Besides the various issues surrounding the future of energy, another important part of FES work in the Philippines is supporting labour organizations. In particular, FES works with organizations such as SENTRO, or “centre”, the country’s largest association of labour organizations, representing workers from across all sectors.

A particularly problematic trend in the Philippines is the increasing use of short-term contracts, described locally as the “contractualization” of work. 

“Trade unions in the Philippines are not in an easy position,” Kadura said. “For historical reasons, the structure is very employer-friendly, and the labour rights scene is very fragmented.” One particularly problematic trend is the increasing use of short-term contracts, described locally as the “contractualization” of work. “A lot of workers are hired for six months, then fired, then hired again,” Kadura said. This allows employers to avoid providing the job security or benefits that are mandatory with longer contracts.

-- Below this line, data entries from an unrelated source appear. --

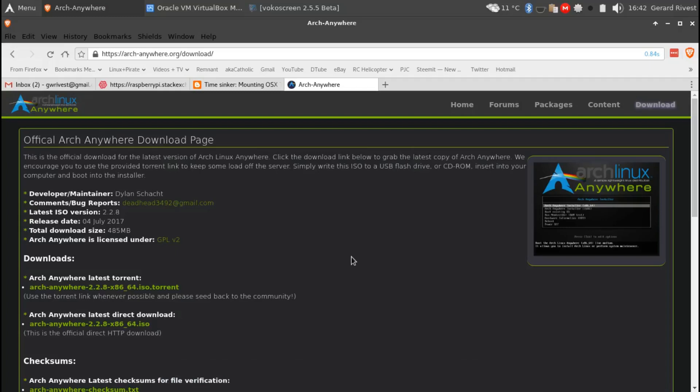Okay, today we're going to take a look at Arch Anywhere. If you've ever tried to install Arch or wanted to but you got discouraged because it seems so complicated and confusing, Arch Anywhere is probably the answer to your problems.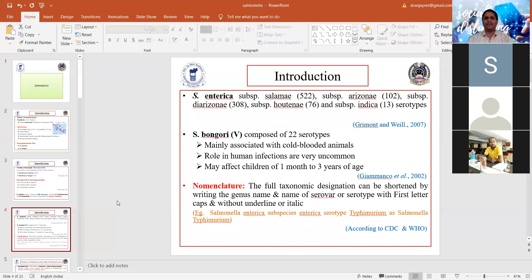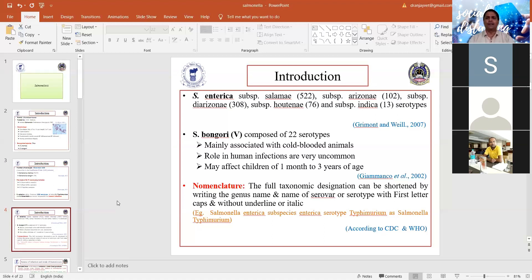Salmonella enterica subspecies include salamae, arizonae, diarizonae, houtenae, and indica. These subspecies are designated with Roman numerals. Salmonella bongori was previously designated by Roman numeral V and is composed of about 22 serotypes. Salmonella bongori is mainly associated with cold-blooded animals, and its role in human infections is uncommon, though it may sometimes affect children aged one month to three years.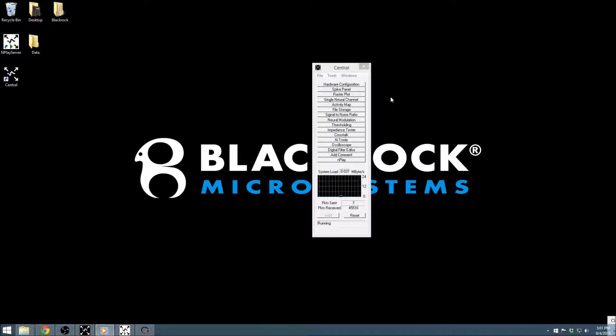This video series covers the basics of working with our Central software suite. If you don't have Central up and running yet, you may want to check out our getting started video for more information.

President Rodrigo Duterte promised to curb the practice ahead of his 2016 election, but so far there has been little progress.

“For the last two years this issue has dominated the labour debate, and is driving our efforts to build capacity for workers’ representation,” Kadura said.

Part of this capacity building includes a programme of intensive paralegal training for trade unionists and labour leaders. “2018 is the third year of implementation,” said Carlo Emmanuel Cabatingan, FES Assistant Programme Coordinator. “We are also thinking of holding a conference in November to bring together all the programme graduates for the first time.”

FES has also been supporting the research and publication of the annual Philippine Labor Outlook since 2015. This year, the foundation is additionally piloting a study on gender justice among unions in the Philippines, in partnership with the government’s Institute for Labor Studies, Cabatingan said.

Looking ahead, FES is planning a centre of excellence with the working title of Center for Renewable Energy Innovation and Policy Development, in partnership with the University of the Philippines. “The idea is to have one go-to institution where politicians, civil society organizations, students and other stakeholders can get the latest information, all under one roof,” Kadura said. 

The Manila office of FES also manages some projects that are more regional in scope. One of these is coordinating FES support for the Network for Social Democracy in Asia, or Socdem Asia. This is a network of the region’s political parties, pre-party formations, and progressive politicians, scholars and activists who share social democratic values and perspectives.

“The political space for social democratic alternatives is shrinking right across the region,” Kadura said. “It has never been more essential for like-minded progressives to reach out across borders, not only to learn from each other’s experiences, but also to coordinate actions at an international level to improve coherence and impact.” FES support of Socdem Asia includes hosting discussions among experts, providing skill trainings to a range of actors, and engaging in online platforms of exchange. 

In 2018, FES will also be taking a look further into the future, with a workshop and study to explore the topic of South-East Asia and the Philippines in 2030, in cooperation with the  Carnegie Council on Ethics in International Affairs.

“We are going to be looking at Chinese foreign policy in the region, as well as the US attitude after [US President Donald] Trump,” Kadura said. Several scenarios will be considered regarding the future balance of power between regional and more global forces, with the workshop and study both set for the end of the year.

Also in 2018, FES will be bringing together practitioners and experts in the fight against violent extremism, in the wake of the previous year’s clashes in the Philippines. Delegates from Malaysia, Indonesia and Europe will join their colleagues in the Philippine for a conference, probably in September.

“As a social democratic foundation we are looking at the root causes of extremism,” Kadura said. The event will focus on the conflict in the southern Philippine city of Marawi, where Islamist militants and government forces clashed for five months in 2017, leaving swathes of the city destroyed, and tens of thousands of people displaced.